Instead of relying on
Dad to put trains in my way in a rather intermittent fashion, mainly at holiday
times, the railway world suddenly got a whole lot bigger for me and a lot more
accessible.”
I continued my discussion with myself about grammar schools
in the, as yet, unpublished memoirs of my time as a teacher – in comprehensive
schools, of course:
“I had passed the
eleven plus exam, but at the grammar school I attended I failed most of the “O”

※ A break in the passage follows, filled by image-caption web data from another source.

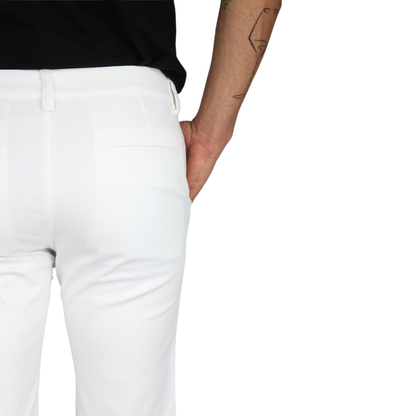 Bermuda De Vestir Color Blanco De Algodón Corte Slim Fit Para Hombre
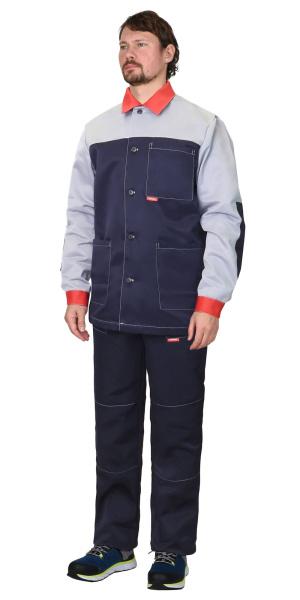 Костюм АСПЕКТ куртка длинная, брюки, темно-синий со светло-серым с красной отделкой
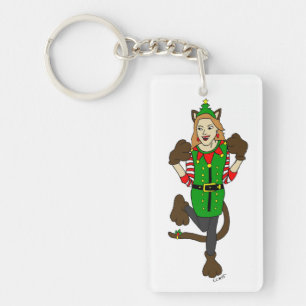 a Christmas catgirl Keychain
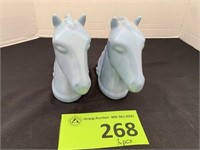 Abingdon Pottery Blue Horse Head Bookends (2)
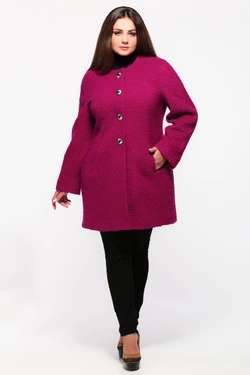 Пальто женское цвета вишни длинный рукав 54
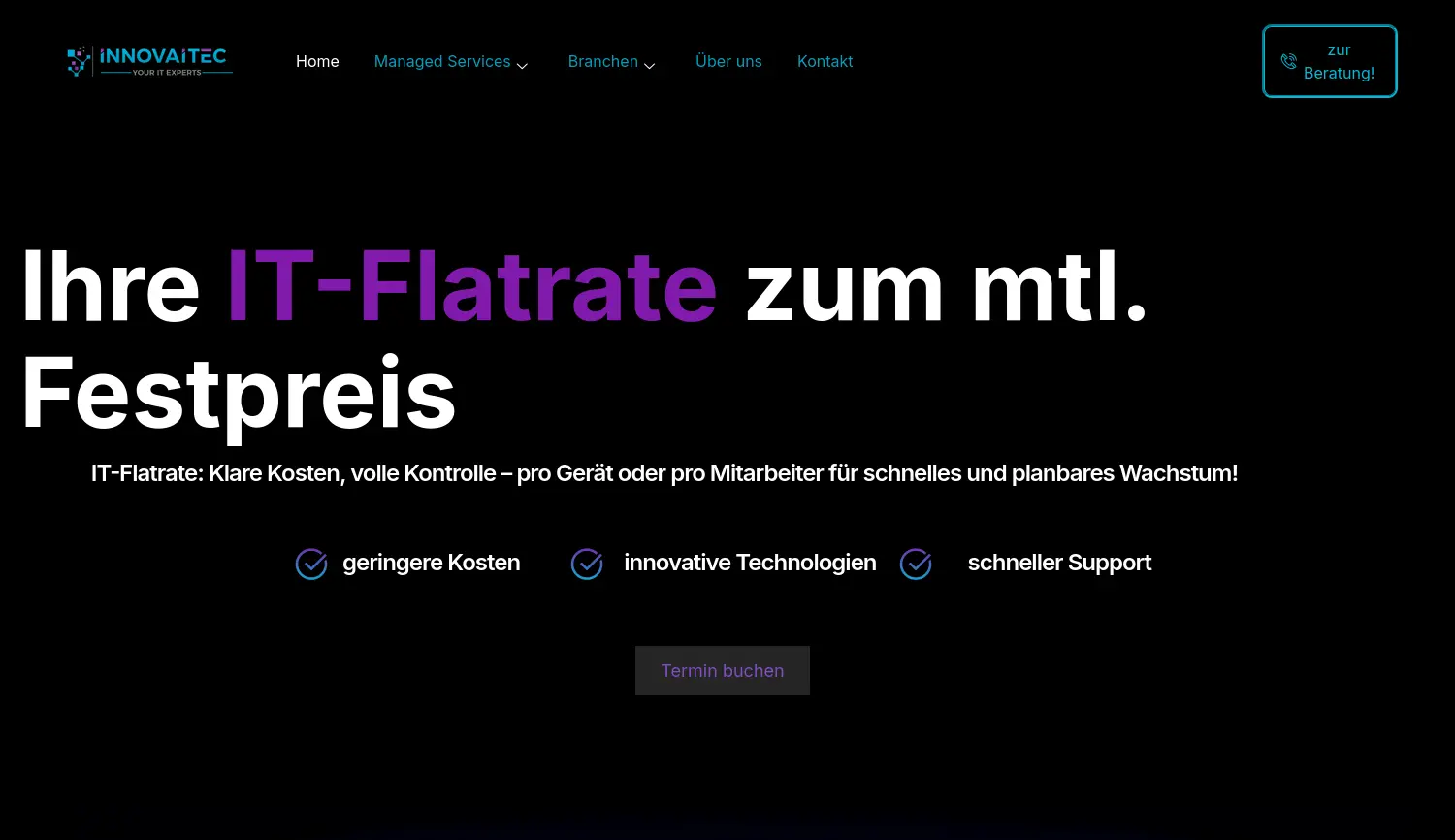 Website der Firma InnovaITec GmbH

levels that I sat. Had I taken art instead of trying to please my dad by taking
Latin, I would have sailed seamlessly into the sixth form with the required
four passes needed to progress to “A” levels. Instead, I wasted a further year,
languishing in what was laughably called “Remove,” a sort of half way staging
post between the fifth form and the sixth, but demonstrating in their choice of
a name for it what they actually thought of us. The term actually has its
derivation deeply set in the public school system of the past. They were
probably only too pleased to have had an opportunity to resurrect it for that
reason alone. Our classroom was carefully placed in a little annexe to the main
building and adjacent to the toilets. When the classroom door was left open on
a warm day I could smell the loos from my seat.
What a bunch of second
chancers we were in there. Some had already been there a whole year and were
planning to go around again. The year before I landed in it, a comparatively
dynamic member of Remove had won privileges from the headmaster, in an
uncharacteristically radical move, thus allowing us to be treated, on paper at
least, like the others of our age who had already moved on to the sixth form
proper.
I remember a geography
teacher giving us something to do that involved a lot of writing, then putting
his feet up on his desk and reading the newspaper. A linguist gave up trying to
teach us altogether after receiving a less than enthusiastic response to his
instructions and on one occasion he even went to lie down across a row of
chairs at the back of the room and feigned going to sleep, in protest at our
lack of cooperation.
Serious card games
played for money were undertaken in the back corner of the room during some
lessons. When they let us out from our den as far as the science laboratory,
some lads would entertain themselves by lobbing the house bricks - which were
being used as make-shift Bunsen burner stands - across the class room to each
other, while the teacher was facing the blackboard. Rule One, I thought. As a
teacher, never turn your back on the class for more than a second.
The laboratories
always stank of gas when we were in there, as boys constantly fiddled with the
gas taps throughout the sessions. Others sometimes splattered ink from their
fountain pens down the backs of the masters’ gowns, as they prowled the aisles
between the rows of desks, during yet further tedious note copying sessions. It
was not great teaching and very little learning took place, in our class, at
least.
The overall impression
I was left with was that they would have preferred it if we had already left
the school at sixteen. I think they regarded us as imposters in their
privileged and selective world. We were an embarrassment to them and only two
splendid, youthful and inspiring teachers, one of history and one of English,
made realistic efforts to engage us properly throughout the whole year. In more
modern parlance and for much of the rest of the time, our needs were most definitely
not being met.”
As can be seen, I was not the typical grammar school boy, but
neither was I by any means the only failure within that system. The regime was
internally, as well as externally, discriminating. If you were no good at games
and mediocre at academia, they did not want to know. The whole system was
elitist. They were only interested in those whose successes gave the school “a
good name.” Though it is hardly fair to measure it by modern standards, had it
been OFSTEDed, it would have never have passed in a month of Sundays. It was
not inclusive in any way. I have friends who also thought it served them badly.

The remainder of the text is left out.